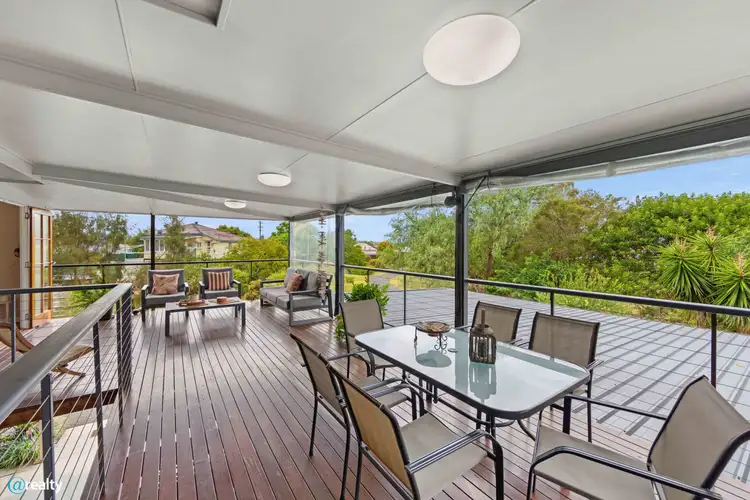7 Taylor Street, Pittsworth QLD 4356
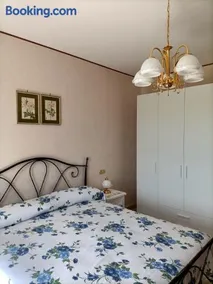 Casa Bea - Image 1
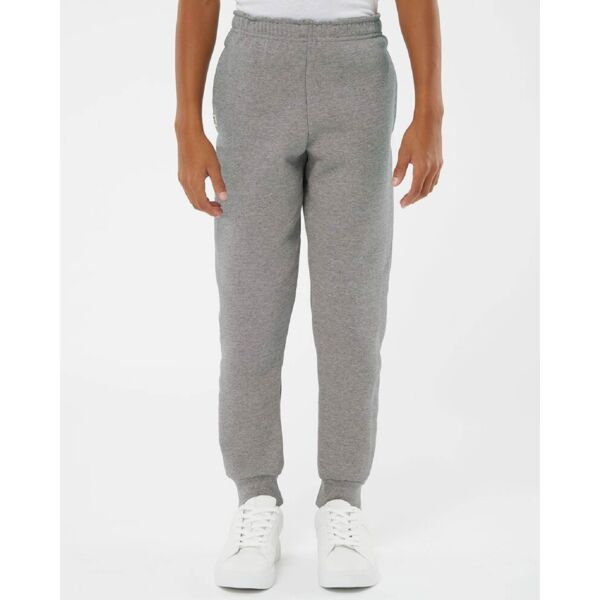 Dri Power® Youth Joggers with Pockets Thumbnail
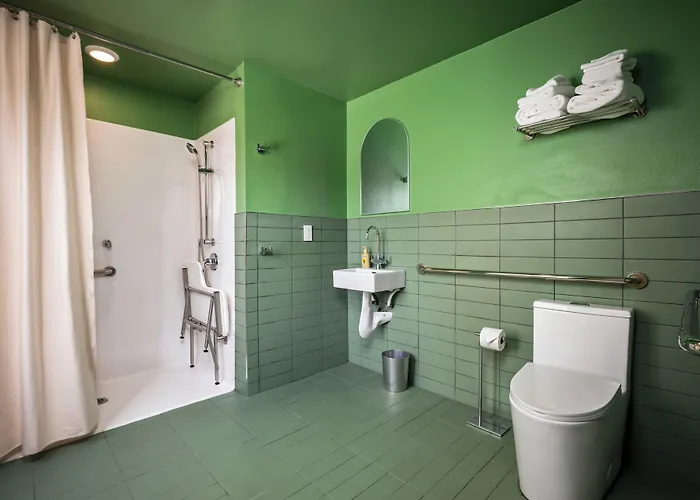 Winnedumah Hotel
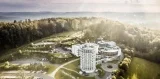 Schwäbisch-Fränkischer Wald: 2 ÜN im 4* Raitelberg Resort inkl. Halbpension & Wellness ab 308 € für 2 Personen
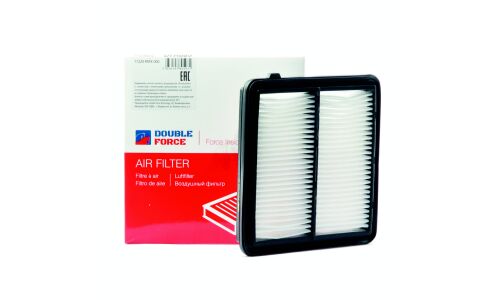 Фильтр воздушный Double Force A-889V, арт. DFA889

• • •

- [Your instructions] A faithful copy of every record is needed here. Leave the images out of it.

- [Output of the task]
7 Taylor Street, Pittsworth QLD 4356
 Casa Bea - Image 1
 Dri Power® Youth Joggers with Pockets Thumbnail
 Winnedumah Hotel
 Schwäbisch-Fränkischer Wald: 2 ÜN im 4* Raitelberg Resort inkl. Halbpension & Wellness ab 308 € für 2 Personen
 Фильтр воздушный Double Force A-889V, арт. DFA889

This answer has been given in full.